Born in London in 1839, Mary Alice Smith showed aptitude for music from her early years and took lessons privately from William Sterndale Bennett and George Alexander Macfarren, publishing her first song in 1857. In November 1867, the year of her marriage to a lawyer, Frederick Meadows White, she was elected Female Professional Associate of the Royal Philharmonic Society.
Smith was a prolific composer of both large and small scale works. Among her compositions are four piano quartets, three string quartets, a clarinet sonata (1870), six concert overtures and two symphonies. Her first symphony, in C minor, was written at the age of 24 and performed by the Musical Society of London in 1863; the second, in A minor, was written for the Alexandra Palace competition of 1876, but was never submitted.
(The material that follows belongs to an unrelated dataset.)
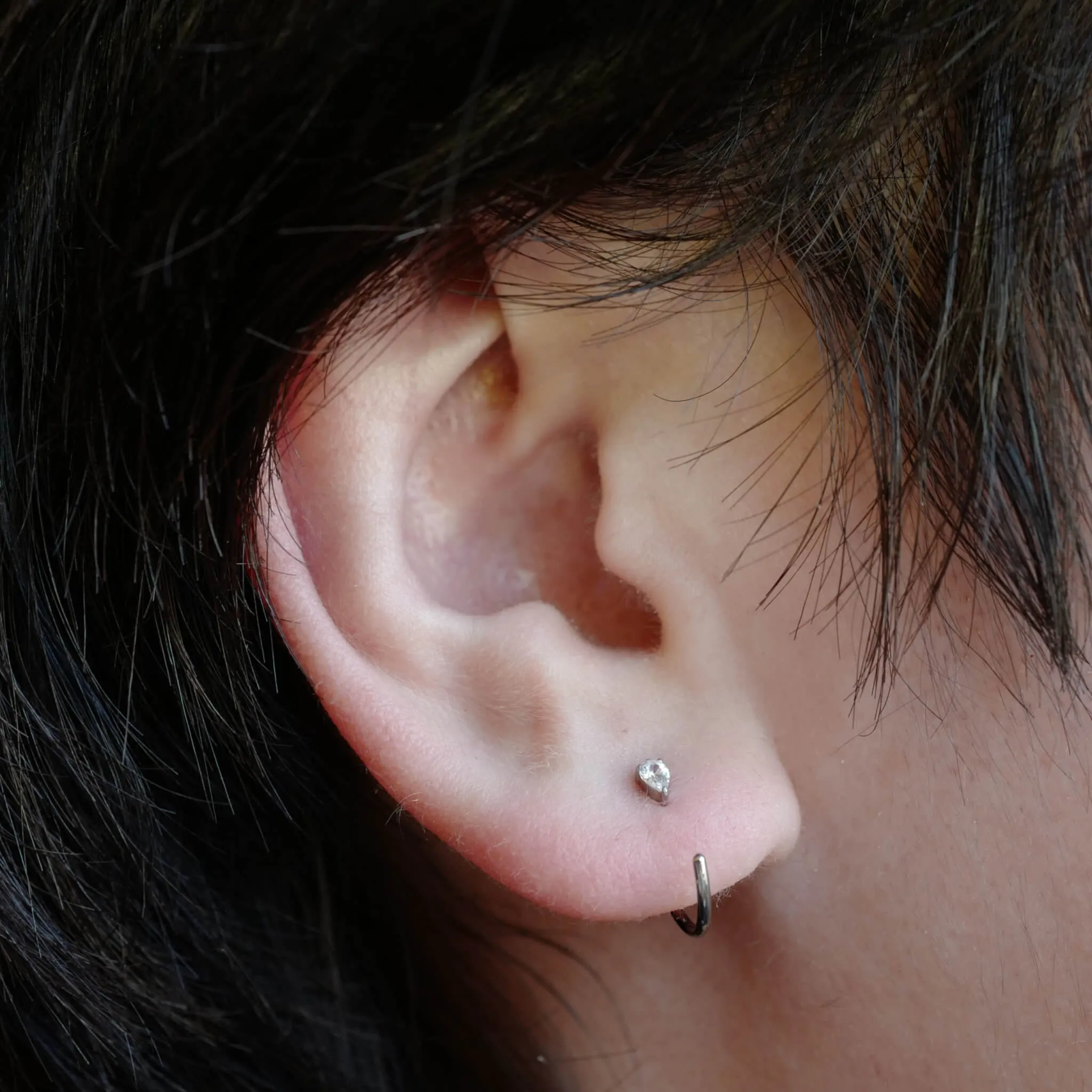 Dewdrop Huggie Earrings in Titanium sold by Maison Miru product image thumbnail 4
Smith composed two large choral works with soloists: an operetta, Gisela of Rüdesheim which was performed in 1865 at the Fitzwilliam Music Society, Cambridge, and The Masque of Pandora (1875), for which the orchestration was never completed.
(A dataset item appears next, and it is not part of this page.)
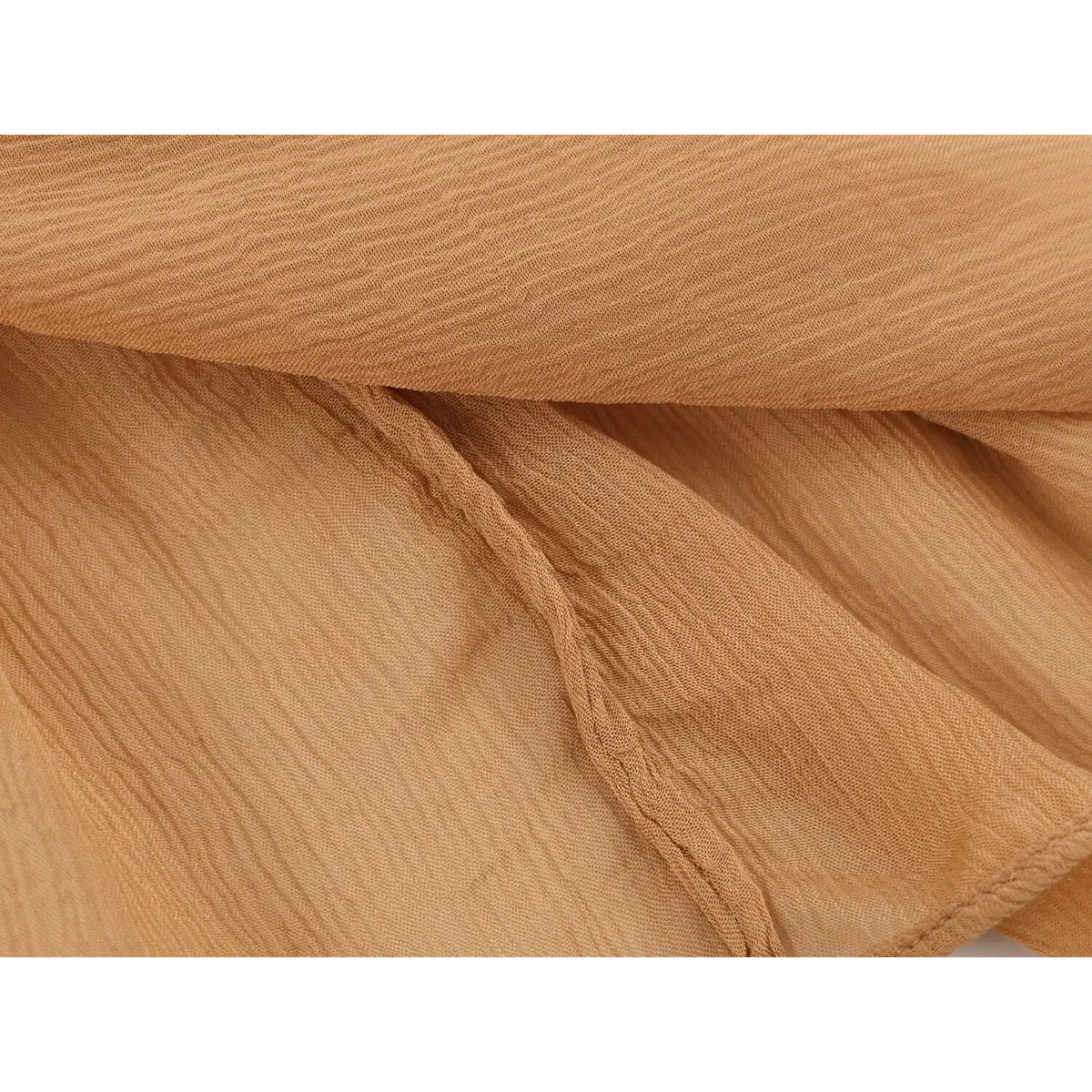 Close‑up of layered crinkled chiffon fabric and finished stitching seam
In 1880 she turned her attention towards writing large-scale cantatas. These included Ode to the North-East Wind for chorus and orchestra, Ode to The Passions (1882), her longest work, performed at the Hereford Festival in that year, and two cantatas for male voices in the last two years of her life. The Valley of Remorse, a setting of a poem by Louisa Sarah Bevington for chorus, soloists and orchestra, remained incomplete at her death, and is lost. Of her forty songs, her most popular work was the vocal duet "Maying".